- [Records shown]
- - - - -

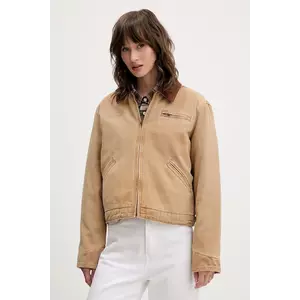 Guess Originals geacă jeans imagine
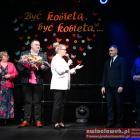 zdjęcie nr 54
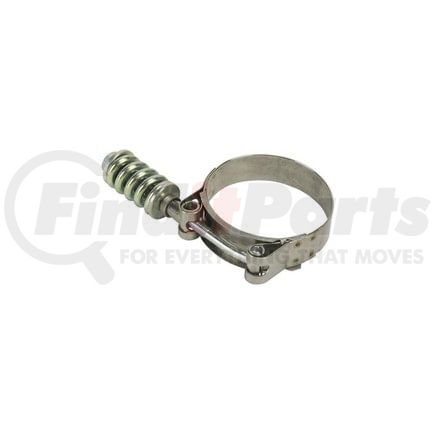 Newstar S-25508 Hose Clamp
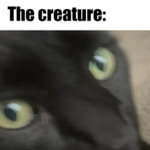 OH FRICK!!!
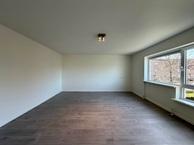 Appartement Pallashof in Brunssum, Overige soorten, Limburg
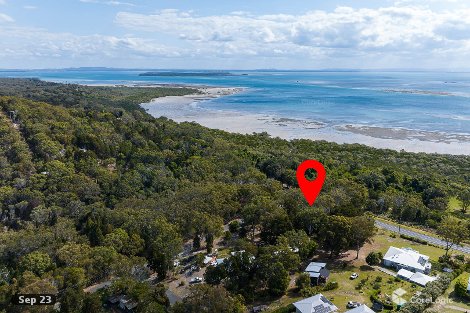 2 Gatumba St, North Stradbroke Island, QLD 4183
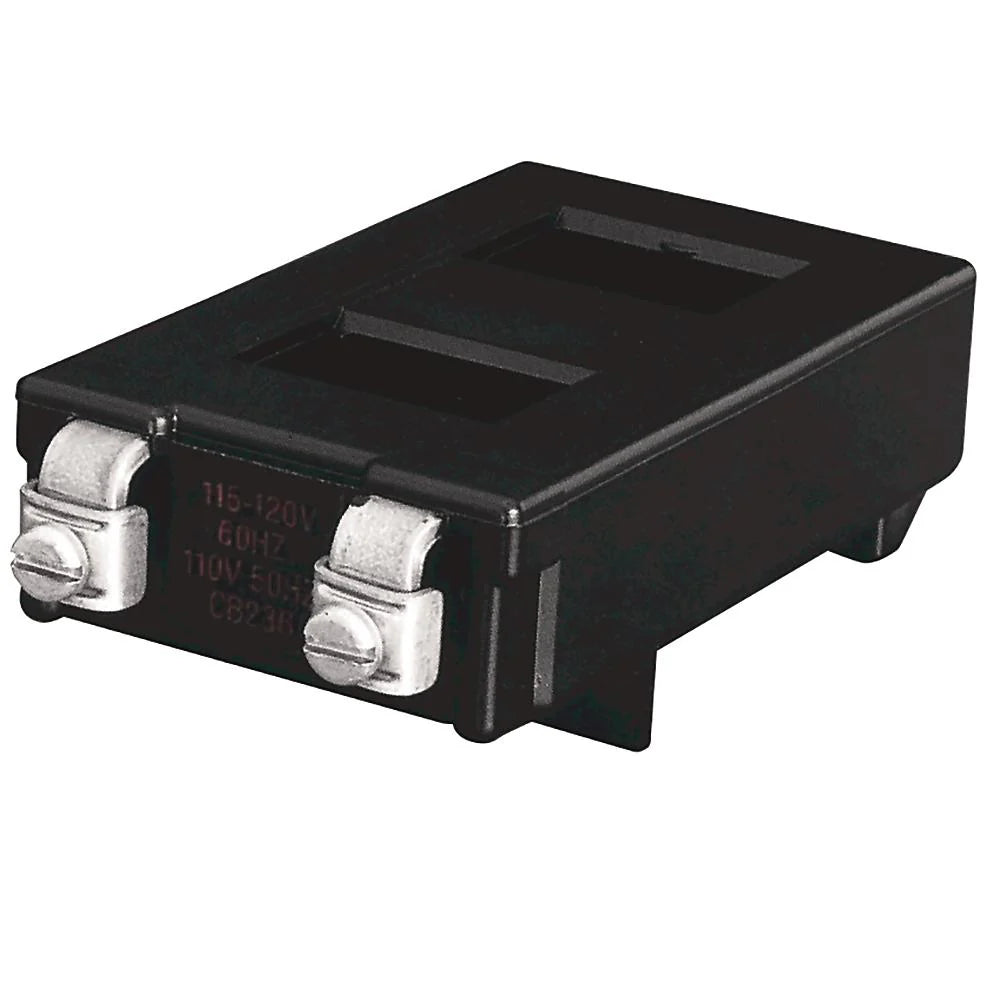CD273 - Allen-Bradley - NEMA Contactor Coil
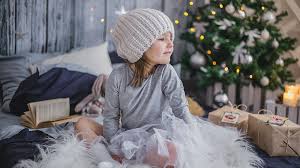 Simak juga nama anak laki laki Nama Bayi Perempuan Cantik Dan Artinya Dari Benua Eropa Posbunda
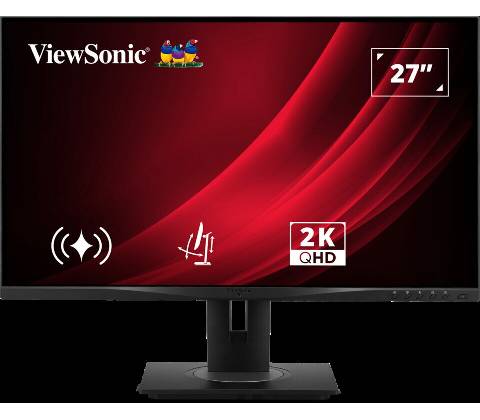 ViewSonic VG2748A-2K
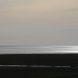 9 Solway Morning Iain Stewart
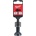 Milwaukee 4932472090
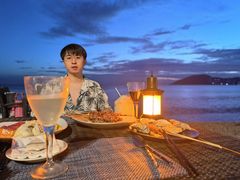 -海角轩·三亚文华东方酒店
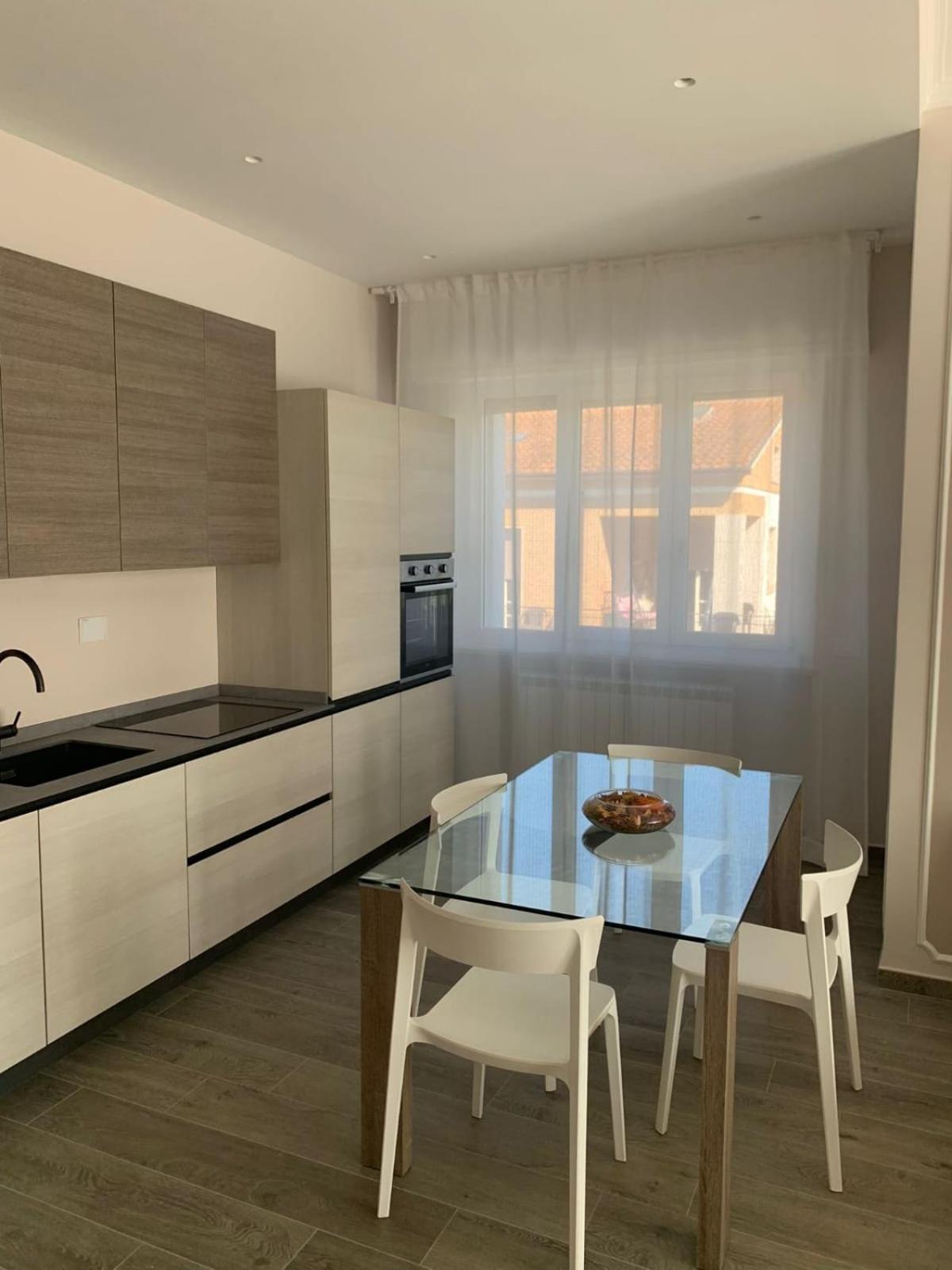 סנטה מריה דליי אנג'לי Assisi Suite Apartment Con Annessa Tavernetta La Lavanda מראה חיצוני תמונה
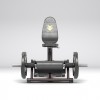 gym80_4348_pure_kraft_seated_tibialis_machine_NC_front.jpg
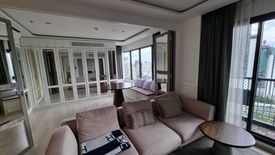 2 Bedroom Condo for sale in Langsuan, Bangkok near BTS Ploen Chit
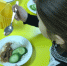 Дают в садиках и школах: ученые назвали самое вредное мясо из всех - Pg12.Ru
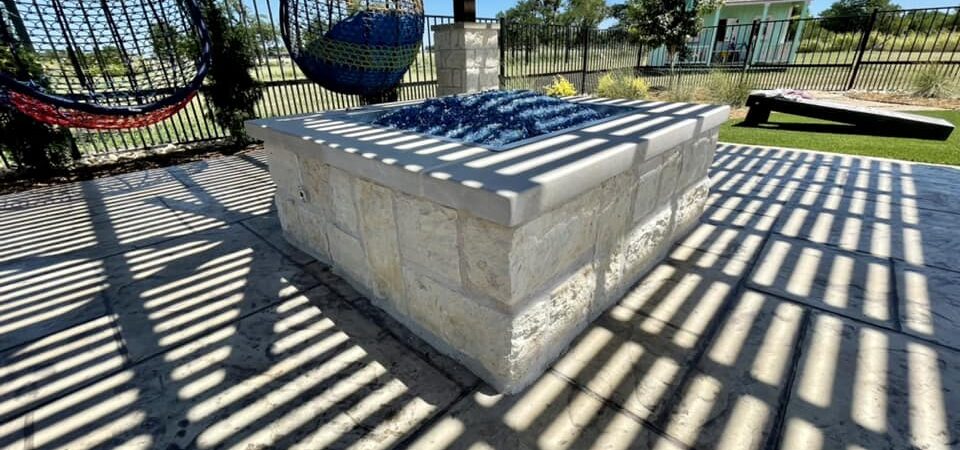 masonry contractors irving tx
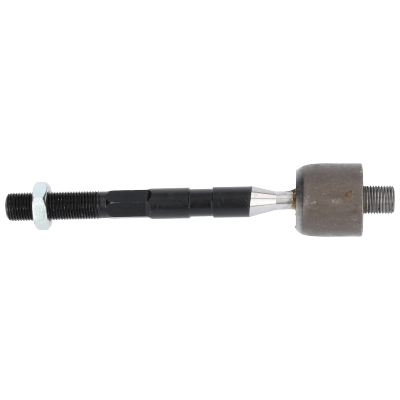 AX7088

- - - - -

- [Goal of the exercise]
Pictures are to be left out when the entries above are repeated exactly.

- [Final answer]
 Guess Originals geacă jeans imagine
 zdjęcie nr 54
 Newstar S-25508 Hose Clamp
 OH FRICK!!!
 Appartement Pallashof in Brunssum, Overige soorten, Limburg
 2 Gatumba St, North Stradbroke Island, QLD 4183
CD273 - Allen-Bradley - NEMA Contactor Coil
 Simak juga nama anak laki laki Nama Bayi Perempuan Cantik Dan Artinya Dari Benua Eropa Posbunda
 ViewSonic VG2748A-2K
 9 Solway Morning Iain Stewart
 Milwaukee 4932472090
 -海角轩·三亚文华东方酒店
 סנטה מריה דליי אנג'לי Assisi Suite Apartment Con Annessa Tavernetta La Lavanda מראה חיצוני תמונה
 gym80_4348_pure_kraft_seated_tibialis_machine_NC_front.jpg
 2 Bedroom Condo for sale in Langsuan, Bangkok near BTS Ploen Chit
 Дают в садиках и школах: ученые назвали самое вредное мясо из всех - Pg12.Ru
 masonry contractors irving tx
 AX7088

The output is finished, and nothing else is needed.